5.1 Demonstrate strategies for establishing, teaching, and enforcing classroom rules and routines in an FSM classroom.

1,4

1,2,3

5.1 In role-play situations and in an actual classroom (See 3.1) demonstrate strategies for establishing, teaching, and enforcing classroom rules and routines. A scoring rubric will be used.

5.2 Develop a classroom schedule for an FSM classroom.

1,4

1,2

5.2 Develop a written schedule suitable for use in an FSM classroom. A scoring rubric will be used.

5.3 Develop a classroom layout suitable for an FSM classroom.

1,4

1,2

5.3 Develop a written classroom layout suitable for a differentiated classroom in the FSM. A scoring rubric will be used.

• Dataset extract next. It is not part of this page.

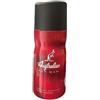 Australian Deodorante Uomo Australian Perfumer Rosso 150 ml - Fragranza Duratura Alta Qualità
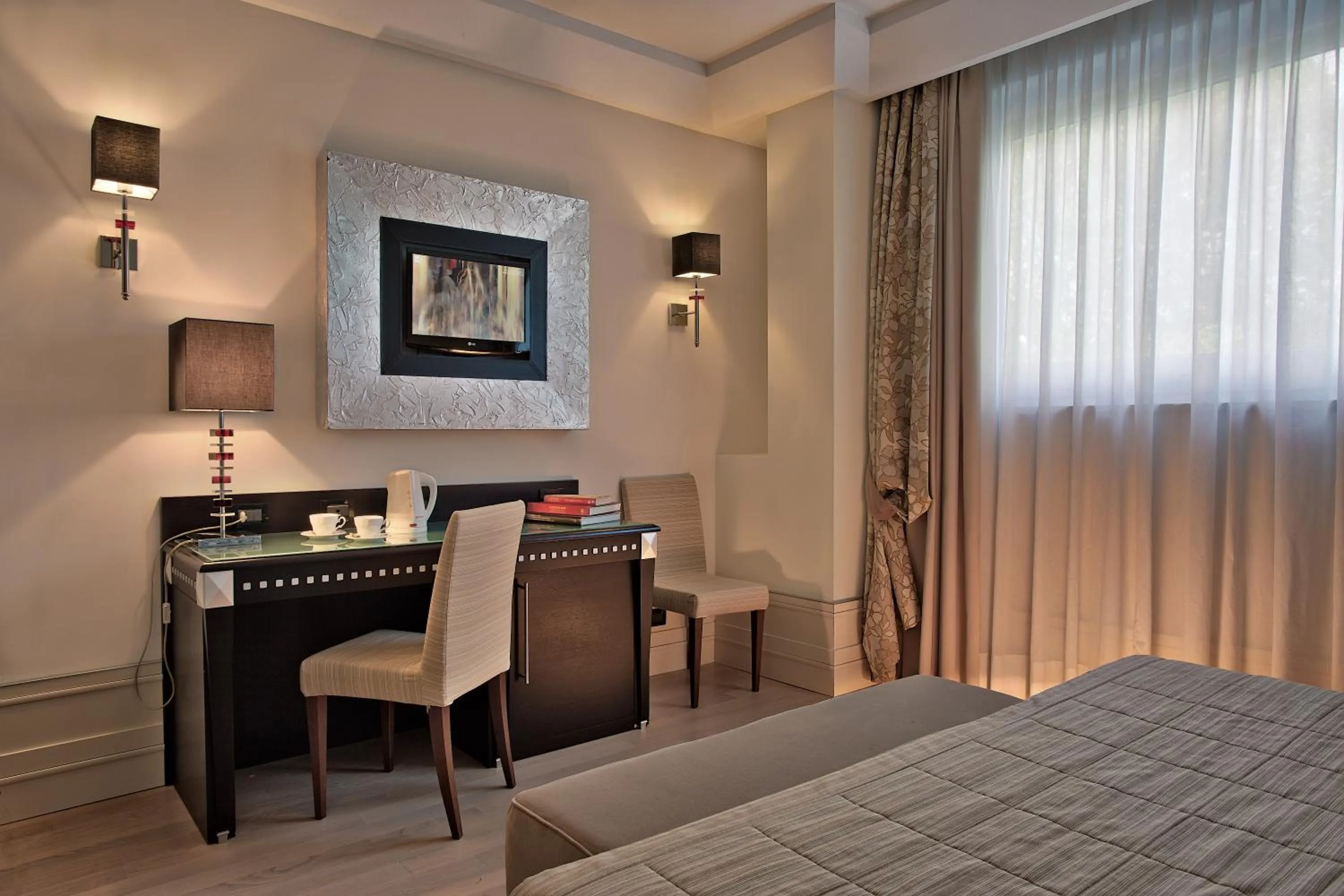 Deluxe King Room in Park Hotel Junior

5.4 Demonstrate “least intrusive” strategies for handling minor off-task behavior.

1,4

1,2

5.4 In role-play situations and in an actual classroom (See 3.1) demonstrate “least intrusive” strategies for handling minor off-task behavior. A scoring rubric will be used.

5.5 Demonstrate strategies for handling off-task student behavior patterns.

1,4

1,2

5.5 In role-play situations, demonstrate strategies for handling off-task student behavior patterns. A scoring rubric is used.







5) COURSE CONTENT:

1. Goals of a differentiated classroom in an FSM school

2. Stages of child and adolescent development and theories of learning as related to learning in

an FSM classroom

3. Curriculum planning for FSM classrooms

4. Instructional strategies, activities, and materials in content areas to meet diverse student needs

5. Assessment of student learning in an FSM classroom

6. Strategies for managing an FSM classroom

6) METHOD(S) OF INSTRUCTION:

[X ] Lecture [X ] Cooperative learning groups

[ ] Laboratory [X ] In-class exercises

[ ] Audio visual [X ] Demonstrations by the instructor

[ ] Other

7) REQUIRED TEXT(S) AND COURSE MATERIALS:

Tomlinson, C.A. (2014). The differentiated classroom: Responding to the needs of all learners.

Alexandria, VA: Association for Supervision and Curriculum Development (or more recent

edition)

8) REFERENCE MATERIALS:

FSM and State curriculum standards and benchmarks

9) INSTRUCTIONAL COSTS:

None

10) EVALUATION: Summative evaluation is accomplished by having the students write a

reflection paper and submit a portfolio of all of assignments, exams, lesson plans, and

associated materials developed in the course. Both the reflection paper and the portfolio are

scored with rubrics. Student professionalism is measured through the completion of the

Professionalism Rubric at least twice during the semester.